Activity
Restate the data below word for word. Leave the images out.

Input data
________________
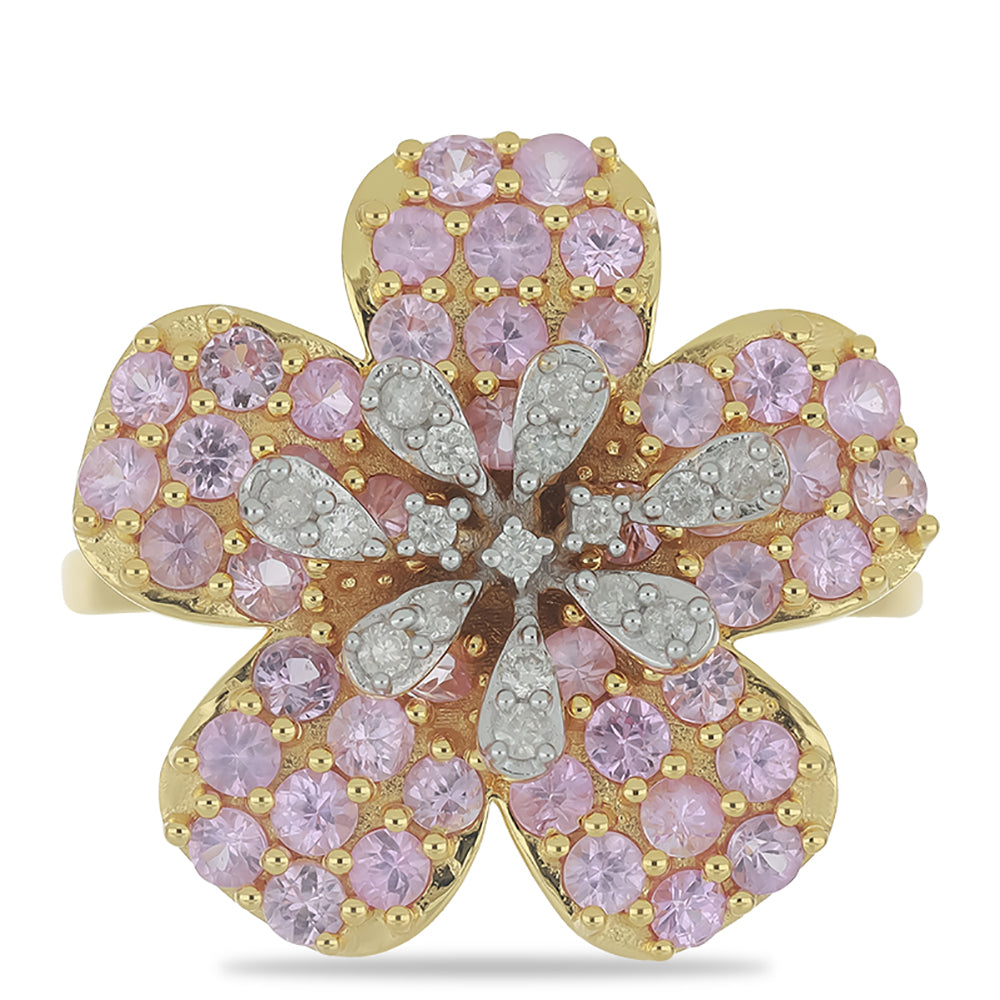 Inel din Aur de 9K ( 4.06 grame ) cu Safir Roz și Diamant Alb 1.95 Carate
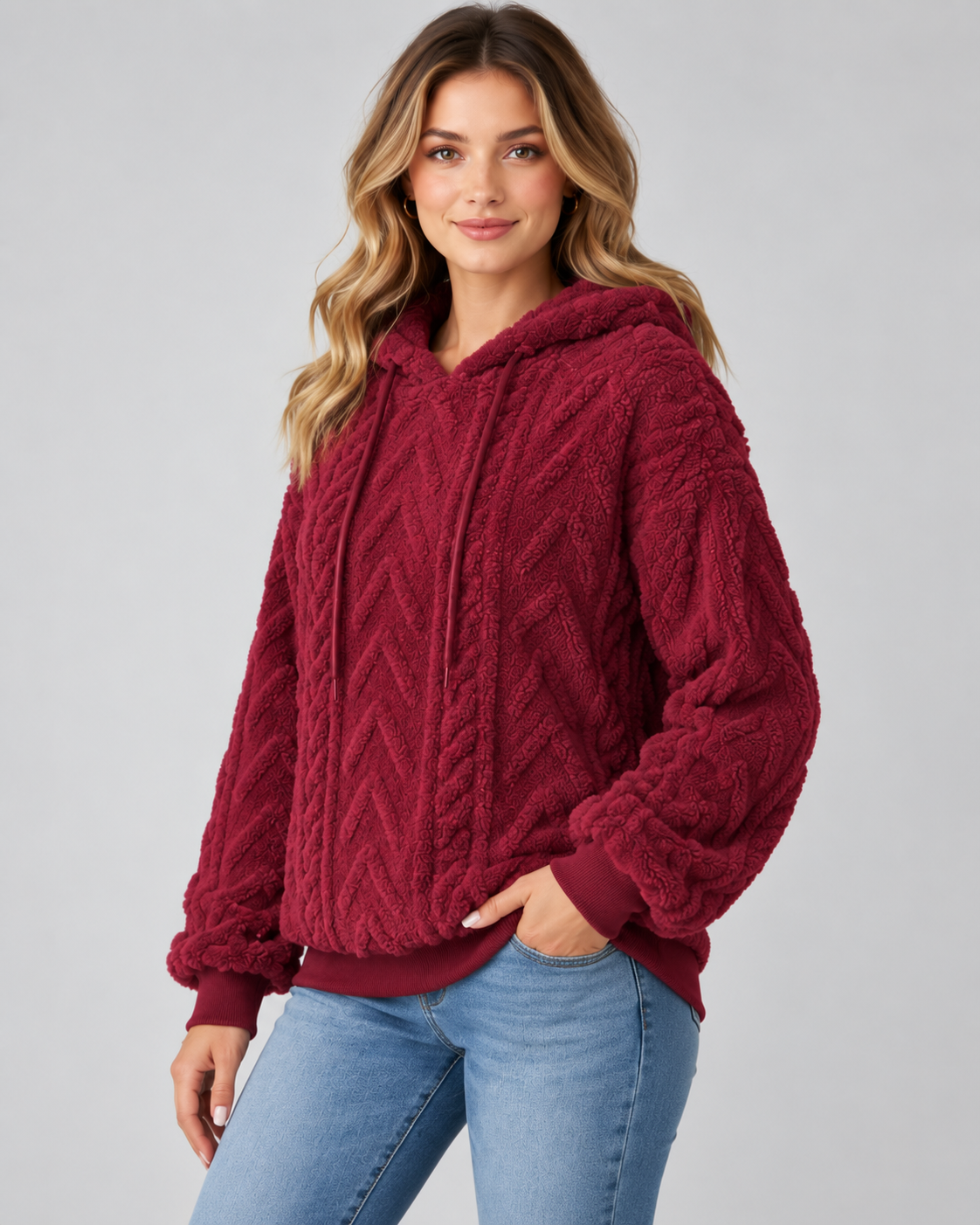 Alessandra | Cable-Knit Textured Hoodie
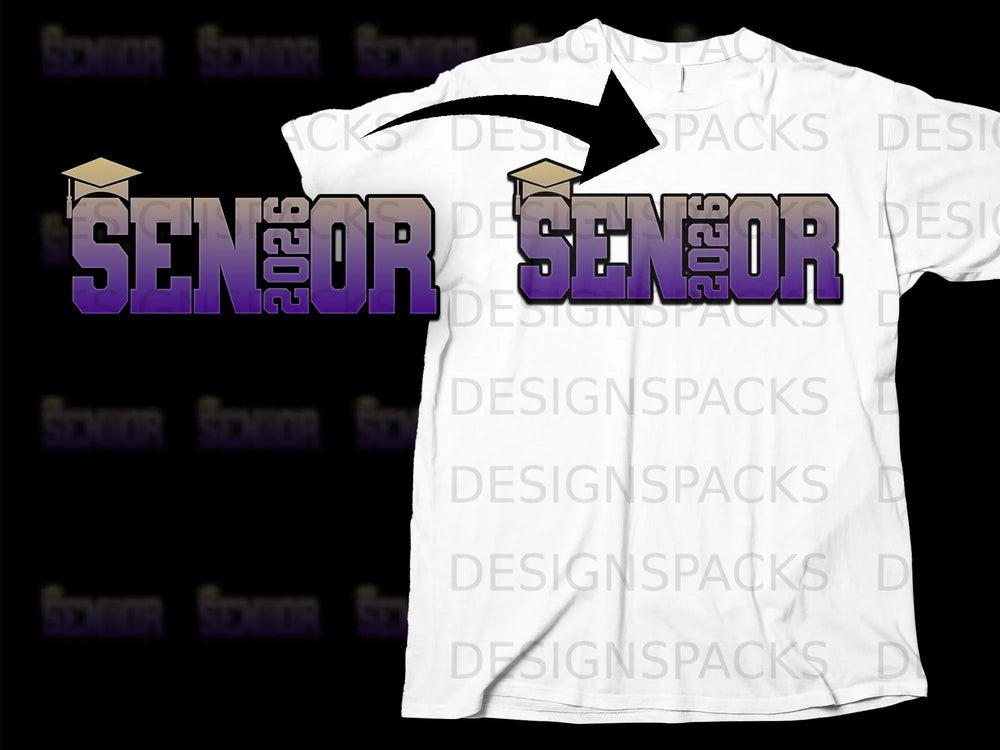White t-shirt with "SENIOR 2026" graphic and graduation cap.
________________
Result below
 Inel din Aur de 9K ( 4.06 grame ) cu Safir Roz și Diamant Alb 1.95 Carate
 Alessandra | Cable-Knit Textured Hoodie
White t-shirt with "SENIOR 2026" graphic and graduation cap.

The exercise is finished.